__WORK TO COMPLETE__
Copy the entries that appear below in full, leaving out any picture among them.

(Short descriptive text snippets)
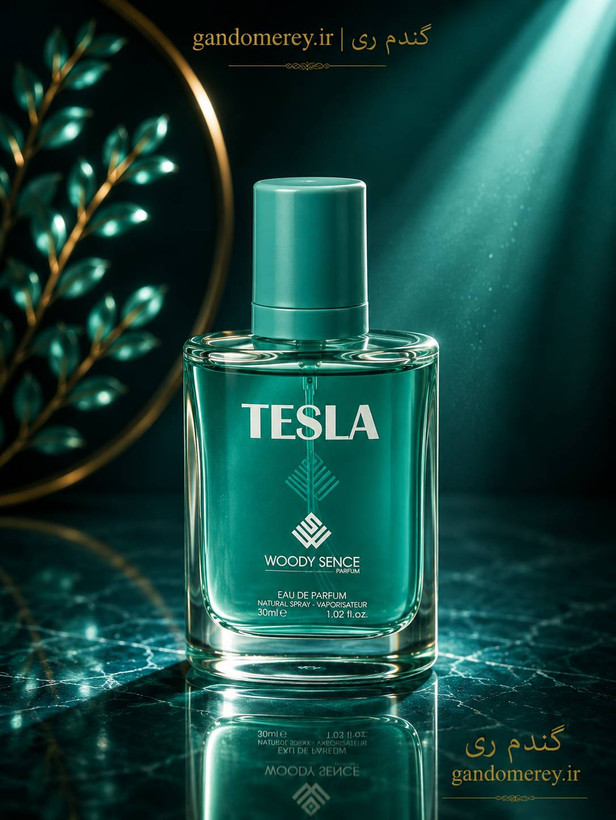 عطر جیبی پرفيوم وودي سنس حجم30ميل لیتر مدل تسلا TESLA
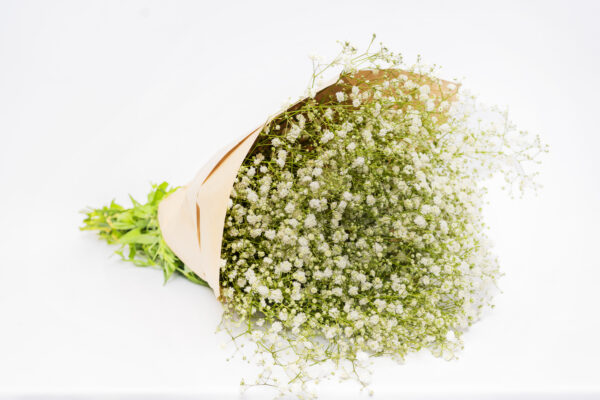 Baby’s Breath & Beyond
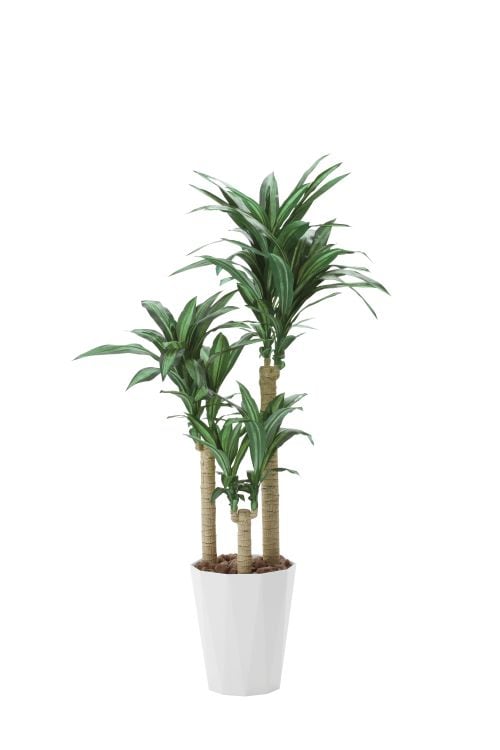 人工観葉植物 光触媒【幸福の木1.6m】インテリア 【代引き不可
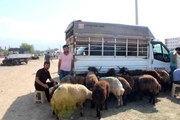 Iğdır'da hayvan pazarında Kurban Bayramı yoğunluğu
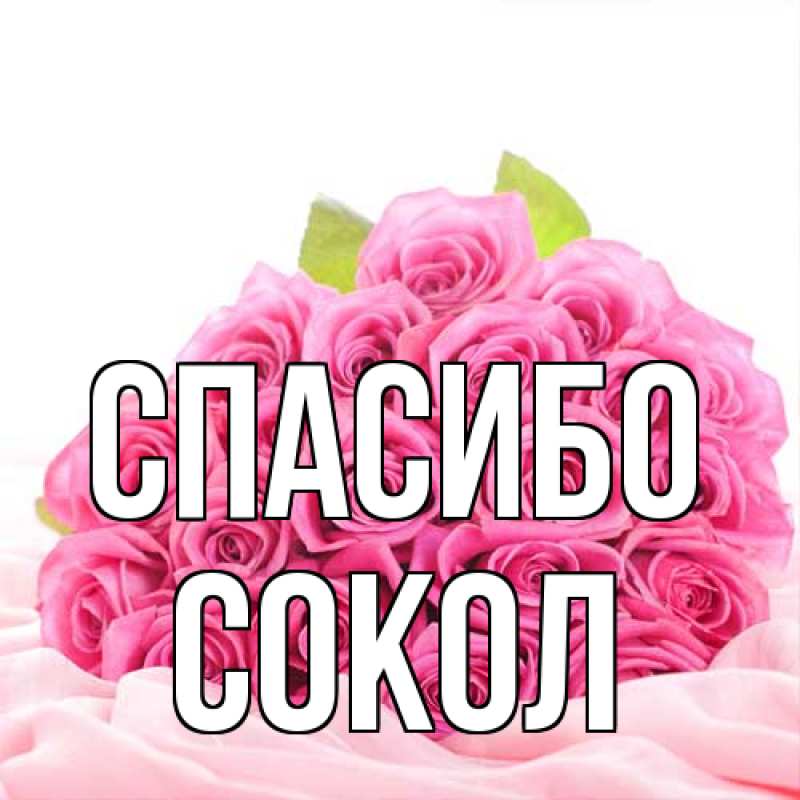 Открытка с именем, Сокол, Спасибо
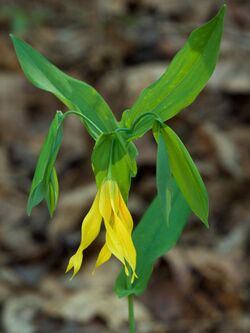 Uvularia grandiflora 2.jpg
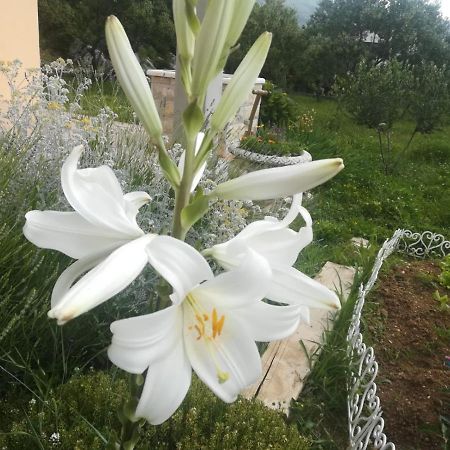 Castello Flower Apartment Kaštela Buitenkant foto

__FINISHED TASK__
 عطر جیبی پرفيوم وودي سنس حجم30ميل لیتر مدل تسلا TESLA
 Baby’s Breath & Beyond
 人工観葉植物 光触媒【幸福の木1.6m】インテリア 【代引き不可
 Iğdır'da hayvan pazarında Kurban Bayramı yoğunluğu
 Открытка с именем, Сокол, Спасибо
 Uvularia grandiflora 2.jpg
 Castello Flower Apartment Kaštela Buitenkant foto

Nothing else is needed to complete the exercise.